Amanda está preocupada com o uso de água e energia, o potencial funcionamento de 84 geradores a diesel se houver falta de energia e como o ruído e a luz 24 horas por dia afetarão a comunidade e os animais da fazenda.

Grade de dados tem aprovação para descarregar contaminantes do ar de até 84 geradores de reserva a diesel, para extrair até 604.800 litros de água subterrânea por dia, descarregar até 5.000 litros de águas residuais tratadas por dia e remover um pântano próximo, mostram relatórios do conselho regional de Meio Ambiente de Southland.

direto Embora os vizinhos do local do datacenter tenham sido consultados, a comunidade em geral não o foi, e o sentimento anti-datacenter está crescendo, disse ela.

“Conheço muitas pessoas na comunidade que não concordam com isso – a conversa é de apreensão ou negatividade.”

Blomfield diz que sente que a Nova Zelândia se colocou na corrida para se tornar um centro de dados de IA “mas ninguém nos perguntou se queríamos participar nessa corrida”.

“As pessoas estão começando a entender o alcance disso e a dizer: não quero isso no meu quintal.”

A Datagrid não respondeu ao pedido de comentários do Guardian, mas o seu presidente-executivo, Rémi Galasso, disse anteriormente que as preocupações sobre o uso de água e energia eram infundadas. O clima fresco de Southland minimiza a necessidade de utilização de água e a empresa operaria sob acordos de energia renovável a longo prazo, e não competiria pela electricidade doméstica, disse ele.

O presidente-executivo da Invest New Zealand, Robert Wall, não estava disponível para entrevista.

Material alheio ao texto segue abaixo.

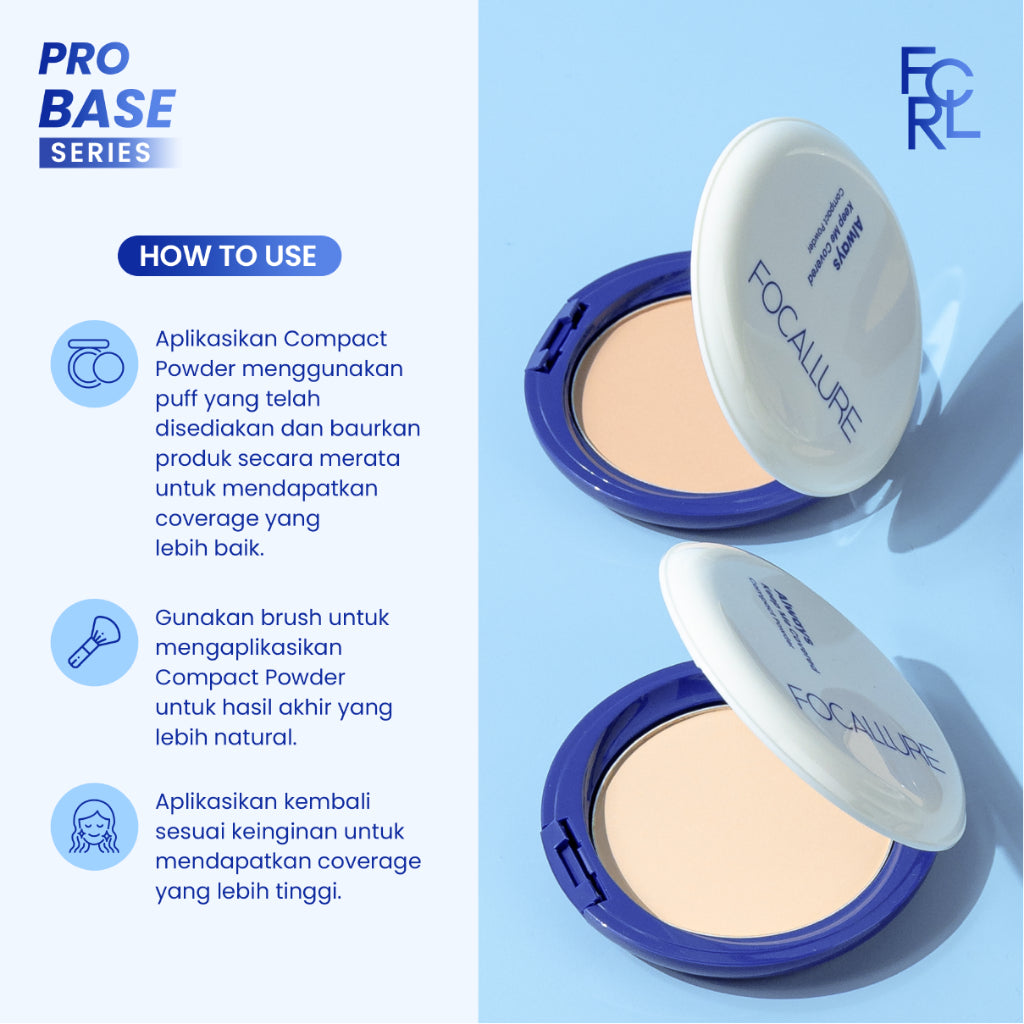 FOCALLURE Always Keep Me Covered Compact Powder - 01 PORCELAIN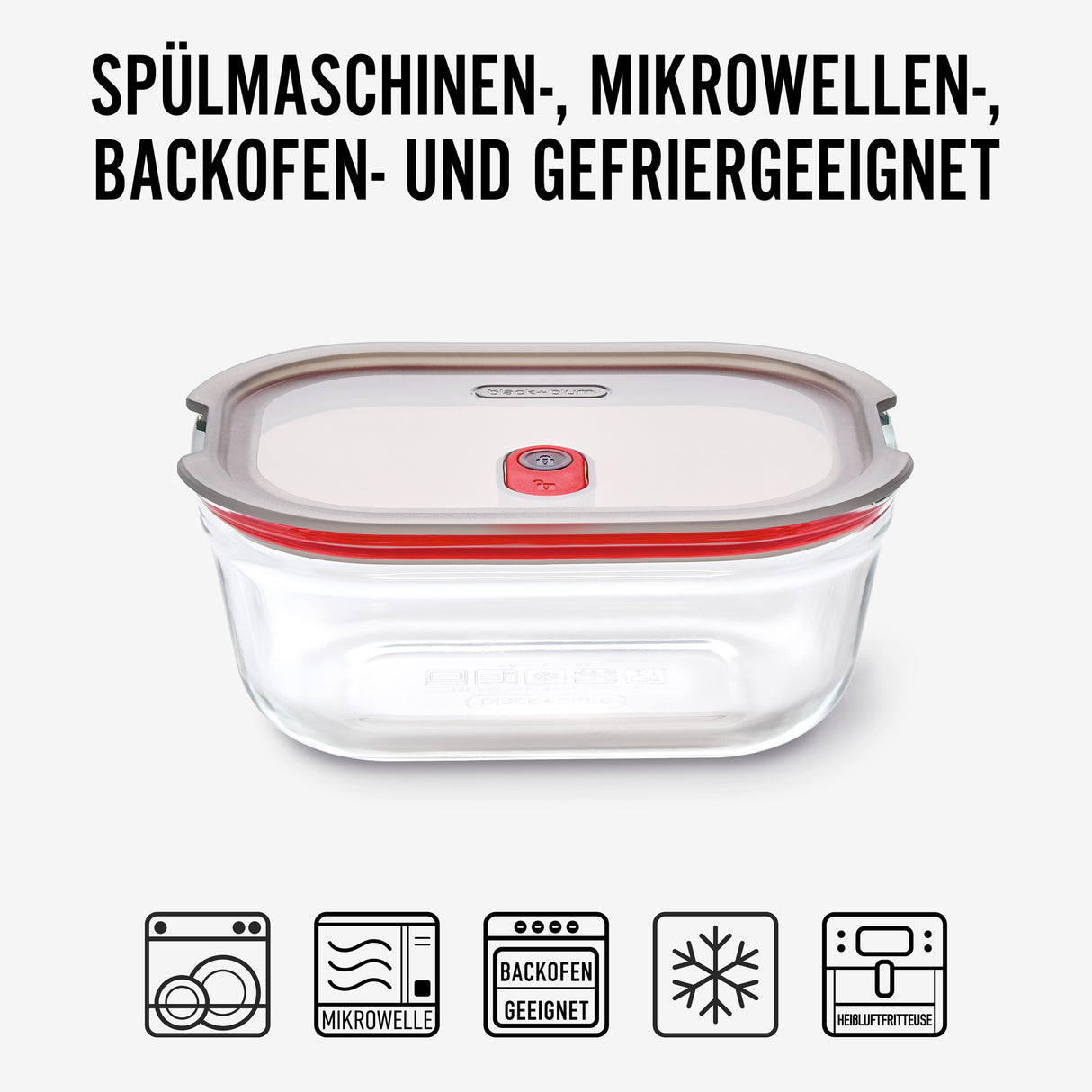 Schwarze BLACK+BLUM Multifunktionsdose aus Glas mit luftdichtem Verschluss für Lebensmittelaufbewahrung.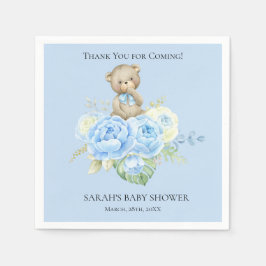 Blue Bear Boy Theme | Barnskötare Napkins Pappersservett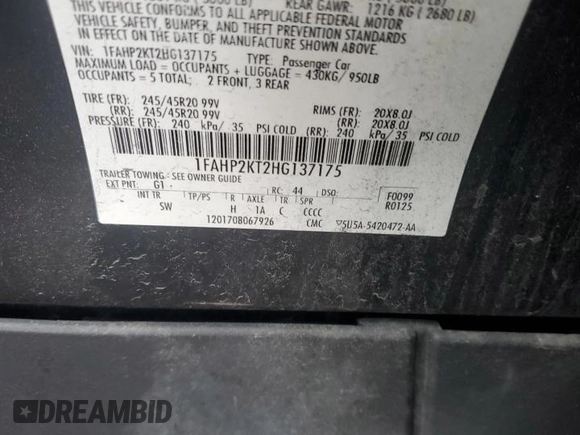 2017 Ford Taurus SHO с VIN 1FAHP2KT2HG137175, выставлен на аукционе Copart как лот 55854895 с пробегом 72 402 миль миль и Списание • Salvage title. История ставок и продаж доступна на DreamBid. Изображение 12.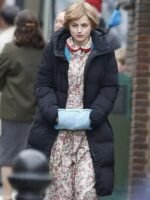 Princess Diana The Crown S04 Black Puffer Hooded Coat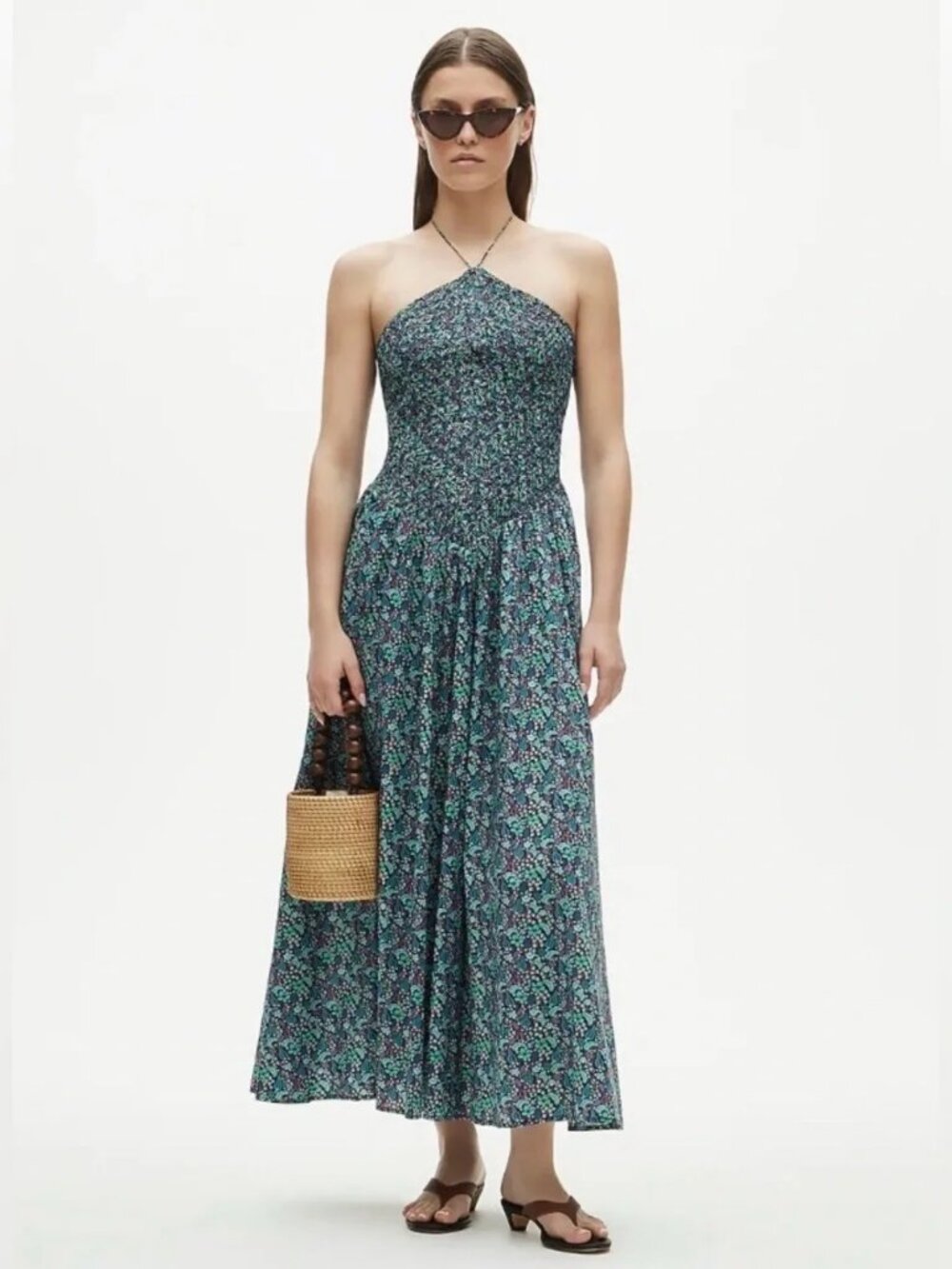 NEW J Crew Smocked halter midi dress in Liberty® Fruitful M Tall NWT Cotton MT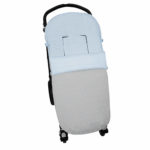3228 Sacos de Silla Ariel Piqué Gris Bordado Estrellitas Celeste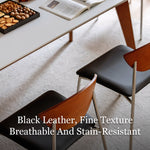 Load image into Gallery viewer, Modern Dining Chair with Stainless Steel Legs Faux Leather Upholstered Seat Ergonomic Wood Backrest for Dining Room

Dowell diz que há “muita opacidade” em torno do projeto Datagrid, o que levanta questões sobre os seus impactos, como funcionará dentro do ecossistema mais amplo de IA e como beneficiará a Nova Zelândia.

“É justo olharmos para outros lugares do mundo e ver os impactos ambientais dos datacenters, a distribuição altamente assimétrica de valor como parte da grande economia tecnológica da IA, e dizer: precisamos de saber mais”, disse ele.

“Devíamos exigir mais, porque há muita coisa em jogo.”